* **BRIEF**: Below are some records. Return exactly the lines from the one containing "BOSS Шорты Regular" through the one containing "Dewalt Impact Drill XR", both included, and only those.

* **SUPPLIED ENTRIES**:

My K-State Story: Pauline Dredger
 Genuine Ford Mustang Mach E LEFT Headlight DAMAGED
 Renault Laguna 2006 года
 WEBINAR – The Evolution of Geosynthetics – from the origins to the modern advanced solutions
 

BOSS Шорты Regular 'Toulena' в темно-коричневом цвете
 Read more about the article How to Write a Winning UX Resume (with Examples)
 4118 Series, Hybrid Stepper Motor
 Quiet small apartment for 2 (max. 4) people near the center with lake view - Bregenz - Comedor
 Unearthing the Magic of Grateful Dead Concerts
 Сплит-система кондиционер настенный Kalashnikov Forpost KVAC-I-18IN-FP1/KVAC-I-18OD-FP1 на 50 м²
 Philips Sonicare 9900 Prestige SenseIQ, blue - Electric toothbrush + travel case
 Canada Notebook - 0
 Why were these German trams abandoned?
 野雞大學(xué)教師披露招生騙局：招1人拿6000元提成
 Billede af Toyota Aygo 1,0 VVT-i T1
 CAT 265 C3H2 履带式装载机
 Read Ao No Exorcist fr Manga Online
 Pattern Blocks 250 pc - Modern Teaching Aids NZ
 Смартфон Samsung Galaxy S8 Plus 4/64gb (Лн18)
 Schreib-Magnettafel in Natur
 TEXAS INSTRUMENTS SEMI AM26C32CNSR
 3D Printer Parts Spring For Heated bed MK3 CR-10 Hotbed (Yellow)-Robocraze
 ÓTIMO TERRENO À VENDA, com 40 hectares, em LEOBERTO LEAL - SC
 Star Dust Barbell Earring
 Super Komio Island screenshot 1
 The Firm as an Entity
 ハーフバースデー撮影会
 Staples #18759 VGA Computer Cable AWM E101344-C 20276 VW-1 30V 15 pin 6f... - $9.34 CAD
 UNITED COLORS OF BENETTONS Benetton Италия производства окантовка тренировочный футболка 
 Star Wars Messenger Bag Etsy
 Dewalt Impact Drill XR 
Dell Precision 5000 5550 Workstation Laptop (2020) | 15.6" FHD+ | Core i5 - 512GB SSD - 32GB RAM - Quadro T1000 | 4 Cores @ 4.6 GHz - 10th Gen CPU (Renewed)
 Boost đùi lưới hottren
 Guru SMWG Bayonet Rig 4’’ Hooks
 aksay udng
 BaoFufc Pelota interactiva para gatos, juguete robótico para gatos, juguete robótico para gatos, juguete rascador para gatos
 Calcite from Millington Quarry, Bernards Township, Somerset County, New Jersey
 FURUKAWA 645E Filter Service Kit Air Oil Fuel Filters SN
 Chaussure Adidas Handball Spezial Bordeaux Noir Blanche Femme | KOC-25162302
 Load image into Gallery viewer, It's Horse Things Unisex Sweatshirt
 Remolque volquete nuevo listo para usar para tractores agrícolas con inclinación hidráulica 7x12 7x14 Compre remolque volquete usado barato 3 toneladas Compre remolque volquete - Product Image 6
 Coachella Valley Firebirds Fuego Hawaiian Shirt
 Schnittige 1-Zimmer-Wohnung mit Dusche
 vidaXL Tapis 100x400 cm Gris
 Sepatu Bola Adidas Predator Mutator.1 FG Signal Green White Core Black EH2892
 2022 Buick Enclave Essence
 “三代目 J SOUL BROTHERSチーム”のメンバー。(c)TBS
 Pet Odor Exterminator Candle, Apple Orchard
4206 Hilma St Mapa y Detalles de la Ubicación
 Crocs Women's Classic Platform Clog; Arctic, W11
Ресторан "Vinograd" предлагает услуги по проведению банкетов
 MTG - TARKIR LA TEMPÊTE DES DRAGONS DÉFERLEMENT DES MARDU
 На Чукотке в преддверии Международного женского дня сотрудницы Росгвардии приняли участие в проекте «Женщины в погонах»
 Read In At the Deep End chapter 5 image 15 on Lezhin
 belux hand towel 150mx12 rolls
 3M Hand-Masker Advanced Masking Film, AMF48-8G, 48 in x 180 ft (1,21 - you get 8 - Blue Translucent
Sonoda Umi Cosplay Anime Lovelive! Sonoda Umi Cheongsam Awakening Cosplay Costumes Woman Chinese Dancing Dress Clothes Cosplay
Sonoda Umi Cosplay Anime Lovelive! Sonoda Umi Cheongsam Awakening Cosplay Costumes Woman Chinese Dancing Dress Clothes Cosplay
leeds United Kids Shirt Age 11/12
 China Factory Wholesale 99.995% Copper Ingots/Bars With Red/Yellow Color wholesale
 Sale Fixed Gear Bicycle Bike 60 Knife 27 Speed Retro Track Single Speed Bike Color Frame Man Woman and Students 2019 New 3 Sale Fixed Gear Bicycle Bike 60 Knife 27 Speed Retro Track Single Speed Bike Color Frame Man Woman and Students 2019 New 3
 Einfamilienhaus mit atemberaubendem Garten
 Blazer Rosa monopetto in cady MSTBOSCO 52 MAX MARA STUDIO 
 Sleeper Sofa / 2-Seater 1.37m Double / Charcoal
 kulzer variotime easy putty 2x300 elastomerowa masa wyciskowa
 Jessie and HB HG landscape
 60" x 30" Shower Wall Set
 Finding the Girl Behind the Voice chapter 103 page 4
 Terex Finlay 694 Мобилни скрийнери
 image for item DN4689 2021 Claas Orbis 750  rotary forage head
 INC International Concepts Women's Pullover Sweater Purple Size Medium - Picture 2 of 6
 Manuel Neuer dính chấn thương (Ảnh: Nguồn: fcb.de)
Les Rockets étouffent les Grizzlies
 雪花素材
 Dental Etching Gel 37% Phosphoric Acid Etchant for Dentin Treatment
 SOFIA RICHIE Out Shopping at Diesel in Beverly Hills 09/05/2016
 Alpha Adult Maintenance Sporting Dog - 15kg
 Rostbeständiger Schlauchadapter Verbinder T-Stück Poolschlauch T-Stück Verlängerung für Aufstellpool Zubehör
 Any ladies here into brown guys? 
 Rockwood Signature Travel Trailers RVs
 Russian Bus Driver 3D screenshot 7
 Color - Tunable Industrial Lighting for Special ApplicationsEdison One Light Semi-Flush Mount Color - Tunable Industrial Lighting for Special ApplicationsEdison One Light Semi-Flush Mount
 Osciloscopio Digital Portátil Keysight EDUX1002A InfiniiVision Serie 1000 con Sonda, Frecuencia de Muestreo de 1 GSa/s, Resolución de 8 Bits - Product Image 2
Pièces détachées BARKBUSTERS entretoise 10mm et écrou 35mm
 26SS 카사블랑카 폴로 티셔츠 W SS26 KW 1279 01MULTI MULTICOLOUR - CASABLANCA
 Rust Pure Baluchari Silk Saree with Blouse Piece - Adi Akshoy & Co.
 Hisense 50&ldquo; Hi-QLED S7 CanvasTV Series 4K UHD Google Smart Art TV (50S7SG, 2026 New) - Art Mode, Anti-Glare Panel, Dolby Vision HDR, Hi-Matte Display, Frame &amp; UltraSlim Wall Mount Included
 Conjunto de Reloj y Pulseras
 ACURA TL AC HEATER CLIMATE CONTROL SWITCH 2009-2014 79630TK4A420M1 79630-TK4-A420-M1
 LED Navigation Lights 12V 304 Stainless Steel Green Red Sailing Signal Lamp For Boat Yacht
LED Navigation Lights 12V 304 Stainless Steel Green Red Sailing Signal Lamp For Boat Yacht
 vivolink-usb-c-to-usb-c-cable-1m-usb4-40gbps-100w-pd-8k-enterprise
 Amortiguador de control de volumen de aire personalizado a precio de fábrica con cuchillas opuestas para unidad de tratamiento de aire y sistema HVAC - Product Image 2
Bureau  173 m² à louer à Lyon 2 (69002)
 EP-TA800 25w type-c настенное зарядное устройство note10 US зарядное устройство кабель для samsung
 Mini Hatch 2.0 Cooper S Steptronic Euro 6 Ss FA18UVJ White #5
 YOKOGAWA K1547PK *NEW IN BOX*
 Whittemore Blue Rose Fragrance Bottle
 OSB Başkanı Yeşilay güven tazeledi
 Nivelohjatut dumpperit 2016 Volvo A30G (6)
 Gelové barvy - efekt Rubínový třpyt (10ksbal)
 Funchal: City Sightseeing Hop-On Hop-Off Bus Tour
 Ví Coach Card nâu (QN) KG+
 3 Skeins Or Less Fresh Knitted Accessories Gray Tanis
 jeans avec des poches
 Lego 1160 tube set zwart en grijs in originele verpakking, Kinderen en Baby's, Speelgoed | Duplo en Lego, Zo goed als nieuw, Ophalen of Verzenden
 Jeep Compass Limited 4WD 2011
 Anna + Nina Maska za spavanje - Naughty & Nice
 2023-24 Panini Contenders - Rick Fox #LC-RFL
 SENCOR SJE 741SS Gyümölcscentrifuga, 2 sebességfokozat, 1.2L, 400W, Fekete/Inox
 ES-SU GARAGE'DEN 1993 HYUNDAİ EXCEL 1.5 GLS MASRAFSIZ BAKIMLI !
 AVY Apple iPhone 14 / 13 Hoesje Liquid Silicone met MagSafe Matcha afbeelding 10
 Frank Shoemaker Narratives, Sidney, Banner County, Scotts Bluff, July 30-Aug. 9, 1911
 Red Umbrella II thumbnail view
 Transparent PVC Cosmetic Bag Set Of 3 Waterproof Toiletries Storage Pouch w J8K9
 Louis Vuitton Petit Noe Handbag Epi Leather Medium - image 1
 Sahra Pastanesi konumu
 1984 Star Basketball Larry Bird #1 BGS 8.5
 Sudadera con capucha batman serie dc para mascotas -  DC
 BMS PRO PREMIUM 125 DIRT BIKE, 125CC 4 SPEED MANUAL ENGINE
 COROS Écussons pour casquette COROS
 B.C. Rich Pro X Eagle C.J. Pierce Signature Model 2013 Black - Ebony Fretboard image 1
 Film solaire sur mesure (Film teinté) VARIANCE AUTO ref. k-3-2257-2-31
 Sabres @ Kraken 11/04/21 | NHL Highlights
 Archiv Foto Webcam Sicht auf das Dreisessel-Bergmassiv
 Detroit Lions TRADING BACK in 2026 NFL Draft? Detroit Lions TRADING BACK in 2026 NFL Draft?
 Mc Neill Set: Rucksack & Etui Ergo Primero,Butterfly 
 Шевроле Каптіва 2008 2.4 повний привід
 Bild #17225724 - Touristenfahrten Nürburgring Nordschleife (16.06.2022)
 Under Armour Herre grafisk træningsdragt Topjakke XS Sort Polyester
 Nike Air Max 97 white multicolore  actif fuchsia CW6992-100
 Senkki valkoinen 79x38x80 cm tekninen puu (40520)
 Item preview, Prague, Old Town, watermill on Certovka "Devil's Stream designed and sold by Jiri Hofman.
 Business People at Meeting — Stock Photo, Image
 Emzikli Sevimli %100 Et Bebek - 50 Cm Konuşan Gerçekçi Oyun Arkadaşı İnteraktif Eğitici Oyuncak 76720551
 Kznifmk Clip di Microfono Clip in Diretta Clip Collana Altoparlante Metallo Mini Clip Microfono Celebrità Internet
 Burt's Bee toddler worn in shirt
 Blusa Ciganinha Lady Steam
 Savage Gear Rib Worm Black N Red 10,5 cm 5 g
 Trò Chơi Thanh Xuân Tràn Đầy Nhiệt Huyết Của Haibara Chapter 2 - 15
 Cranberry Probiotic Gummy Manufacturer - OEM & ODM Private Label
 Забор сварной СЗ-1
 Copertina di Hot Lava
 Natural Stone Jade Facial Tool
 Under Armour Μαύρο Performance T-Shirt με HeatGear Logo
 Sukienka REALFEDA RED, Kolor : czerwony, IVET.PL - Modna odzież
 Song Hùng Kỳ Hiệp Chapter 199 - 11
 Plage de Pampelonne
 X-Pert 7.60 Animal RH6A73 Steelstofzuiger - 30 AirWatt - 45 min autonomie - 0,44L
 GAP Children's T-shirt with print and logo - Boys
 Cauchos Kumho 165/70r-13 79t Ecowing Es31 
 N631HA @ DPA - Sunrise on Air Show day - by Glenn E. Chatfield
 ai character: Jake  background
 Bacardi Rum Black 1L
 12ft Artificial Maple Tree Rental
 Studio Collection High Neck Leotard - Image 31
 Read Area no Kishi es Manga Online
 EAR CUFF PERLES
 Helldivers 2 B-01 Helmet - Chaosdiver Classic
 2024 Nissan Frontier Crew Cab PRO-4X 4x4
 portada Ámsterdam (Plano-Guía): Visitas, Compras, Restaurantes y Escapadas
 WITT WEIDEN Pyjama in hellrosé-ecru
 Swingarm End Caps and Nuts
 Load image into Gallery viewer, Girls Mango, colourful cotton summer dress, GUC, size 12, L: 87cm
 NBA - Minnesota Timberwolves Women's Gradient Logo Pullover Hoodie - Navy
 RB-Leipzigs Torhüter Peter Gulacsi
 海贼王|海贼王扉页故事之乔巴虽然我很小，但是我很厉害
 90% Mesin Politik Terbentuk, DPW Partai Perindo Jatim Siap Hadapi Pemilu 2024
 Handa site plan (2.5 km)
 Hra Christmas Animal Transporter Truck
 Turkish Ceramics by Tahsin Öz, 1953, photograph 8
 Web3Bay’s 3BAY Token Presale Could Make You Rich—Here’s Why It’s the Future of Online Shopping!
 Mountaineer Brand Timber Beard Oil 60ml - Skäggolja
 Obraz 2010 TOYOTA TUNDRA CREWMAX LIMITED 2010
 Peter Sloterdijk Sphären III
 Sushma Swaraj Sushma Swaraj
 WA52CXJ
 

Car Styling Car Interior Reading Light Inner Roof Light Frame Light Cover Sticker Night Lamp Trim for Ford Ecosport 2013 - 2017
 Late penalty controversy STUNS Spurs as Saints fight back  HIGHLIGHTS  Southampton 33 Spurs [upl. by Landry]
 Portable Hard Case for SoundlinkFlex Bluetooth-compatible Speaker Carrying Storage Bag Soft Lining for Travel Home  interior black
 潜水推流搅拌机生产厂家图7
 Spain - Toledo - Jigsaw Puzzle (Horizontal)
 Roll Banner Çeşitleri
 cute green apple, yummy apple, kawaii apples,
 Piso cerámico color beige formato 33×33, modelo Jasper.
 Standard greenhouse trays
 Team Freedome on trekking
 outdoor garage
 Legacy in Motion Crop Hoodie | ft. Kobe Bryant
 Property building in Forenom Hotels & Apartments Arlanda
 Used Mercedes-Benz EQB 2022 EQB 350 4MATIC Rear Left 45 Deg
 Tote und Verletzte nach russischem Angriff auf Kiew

* **REPLY**:
BOSS Шорты Regular 'Toulena' в темно-коричневом цвете
 Read more about the article How to Write a Winning UX Resume (with Examples)
 4118 Series, Hybrid Stepper Motor
 Quiet small apartment for 2 (max. 4) people near the center with lake view - Bregenz - Comedor
 Unearthing the Magic of Grateful Dead Concerts
 Сплит-система кондиционер настенный Kalashnikov Forpost KVAC-I-18IN-FP1/KVAC-I-18OD-FP1 на 50 м²
 Philips Sonicare 9900 Prestige SenseIQ, blue - Electric toothbrush + travel case
 Canada Notebook - 0
 Why were these German trams abandoned?
 野雞大學(xué)教師披露招生騙局：招1人拿6000元提成
 Billede af Toyota Aygo 1,0 VVT-i T1
 CAT 265 C3H2 履带式装载机
 Read Ao No Exorcist fr Manga Online
 Pattern Blocks 250 pc - Modern Teaching Aids NZ
 Смартфон Samsung Galaxy S8 Plus 4/64gb (Лн18)
 Schreib-Magnettafel in Natur
 TEXAS INSTRUMENTS SEMI AM26C32CNSR
 3D Printer Parts Spring For Heated bed MK3 CR-10 Hotbed (Yellow)-Robocraze
 ÓTIMO TERRENO À VENDA, com 40 hectares, em LEOBERTO LEAL - SC
 Star Dust Barbell Earring
 Super Komio Island screenshot 1
 The Firm as an Entity
 ハーフバースデー撮影会
 Staples #18759 VGA Computer Cable AWM E101344-C 20276 VW-1 30V 15 pin 6f... - $9.34 CAD
 UNITED COLORS OF BENETTONS Benetton Италия производства окантовка тренировочный футболка 
 Star Wars Messenger Bag Etsy
 Dewalt Impact Drill XR 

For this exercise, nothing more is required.